▸ Source data
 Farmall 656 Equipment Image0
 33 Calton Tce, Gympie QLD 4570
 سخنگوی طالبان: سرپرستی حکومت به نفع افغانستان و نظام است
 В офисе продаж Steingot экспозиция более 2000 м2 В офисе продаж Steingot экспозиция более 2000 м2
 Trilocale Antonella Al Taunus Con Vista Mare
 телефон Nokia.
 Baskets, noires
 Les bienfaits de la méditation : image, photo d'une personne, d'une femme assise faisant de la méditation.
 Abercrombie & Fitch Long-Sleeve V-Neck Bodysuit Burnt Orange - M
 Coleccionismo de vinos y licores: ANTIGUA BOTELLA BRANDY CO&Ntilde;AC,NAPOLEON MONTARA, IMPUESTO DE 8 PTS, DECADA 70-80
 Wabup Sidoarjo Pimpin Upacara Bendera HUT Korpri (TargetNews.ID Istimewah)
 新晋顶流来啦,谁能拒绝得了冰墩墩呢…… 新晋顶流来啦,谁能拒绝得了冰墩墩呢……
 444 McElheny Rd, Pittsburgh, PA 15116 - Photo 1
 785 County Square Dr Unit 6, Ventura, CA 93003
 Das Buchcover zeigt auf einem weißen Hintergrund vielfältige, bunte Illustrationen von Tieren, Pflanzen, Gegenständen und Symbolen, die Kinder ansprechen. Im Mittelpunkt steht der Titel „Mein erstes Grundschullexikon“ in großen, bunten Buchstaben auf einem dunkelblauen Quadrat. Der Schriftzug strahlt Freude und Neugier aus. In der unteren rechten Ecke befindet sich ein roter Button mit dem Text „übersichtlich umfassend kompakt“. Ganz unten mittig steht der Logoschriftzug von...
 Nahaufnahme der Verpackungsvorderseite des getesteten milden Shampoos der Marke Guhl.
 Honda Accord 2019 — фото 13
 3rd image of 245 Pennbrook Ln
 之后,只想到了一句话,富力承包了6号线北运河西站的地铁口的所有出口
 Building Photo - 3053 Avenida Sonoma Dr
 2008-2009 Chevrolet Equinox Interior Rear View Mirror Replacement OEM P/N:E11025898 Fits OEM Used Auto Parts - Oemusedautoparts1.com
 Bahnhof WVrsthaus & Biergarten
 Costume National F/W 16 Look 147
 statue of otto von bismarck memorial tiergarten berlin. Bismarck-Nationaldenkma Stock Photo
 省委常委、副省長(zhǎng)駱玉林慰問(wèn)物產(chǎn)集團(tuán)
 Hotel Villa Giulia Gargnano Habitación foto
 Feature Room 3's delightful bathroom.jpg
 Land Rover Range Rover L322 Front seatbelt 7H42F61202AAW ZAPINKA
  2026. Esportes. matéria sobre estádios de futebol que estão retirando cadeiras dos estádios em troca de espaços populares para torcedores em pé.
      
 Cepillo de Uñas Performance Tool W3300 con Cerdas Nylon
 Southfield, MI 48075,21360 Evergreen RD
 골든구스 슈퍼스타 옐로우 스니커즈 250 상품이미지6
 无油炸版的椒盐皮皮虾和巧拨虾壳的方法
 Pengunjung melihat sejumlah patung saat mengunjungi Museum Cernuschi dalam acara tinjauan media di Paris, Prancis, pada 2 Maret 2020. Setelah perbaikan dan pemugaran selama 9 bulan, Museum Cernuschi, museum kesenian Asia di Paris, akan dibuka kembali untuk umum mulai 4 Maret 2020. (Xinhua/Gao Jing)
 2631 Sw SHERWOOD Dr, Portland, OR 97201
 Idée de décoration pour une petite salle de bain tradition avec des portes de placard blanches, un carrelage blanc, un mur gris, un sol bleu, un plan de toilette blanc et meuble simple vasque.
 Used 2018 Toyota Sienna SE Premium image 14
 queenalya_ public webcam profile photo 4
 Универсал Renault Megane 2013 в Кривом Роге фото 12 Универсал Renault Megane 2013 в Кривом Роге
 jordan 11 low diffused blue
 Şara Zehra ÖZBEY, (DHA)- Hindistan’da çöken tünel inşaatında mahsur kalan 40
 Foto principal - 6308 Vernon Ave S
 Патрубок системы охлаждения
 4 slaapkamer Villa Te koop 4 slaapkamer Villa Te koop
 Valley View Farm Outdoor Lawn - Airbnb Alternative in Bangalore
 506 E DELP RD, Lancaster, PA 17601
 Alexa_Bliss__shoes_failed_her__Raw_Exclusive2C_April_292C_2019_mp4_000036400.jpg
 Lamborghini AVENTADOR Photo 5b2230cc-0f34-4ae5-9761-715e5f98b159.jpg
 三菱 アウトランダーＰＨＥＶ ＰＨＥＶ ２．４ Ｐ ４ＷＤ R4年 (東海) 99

▸ Directions
Whenever the string "Villa" shows up in a line of the records, copy that line.

▸ Result of this exercise
 Hotel Villa Giulia Gargnano Habitación foto
 4 slaapkamer Villa Te koop 4 slaapkamer Villa Te koop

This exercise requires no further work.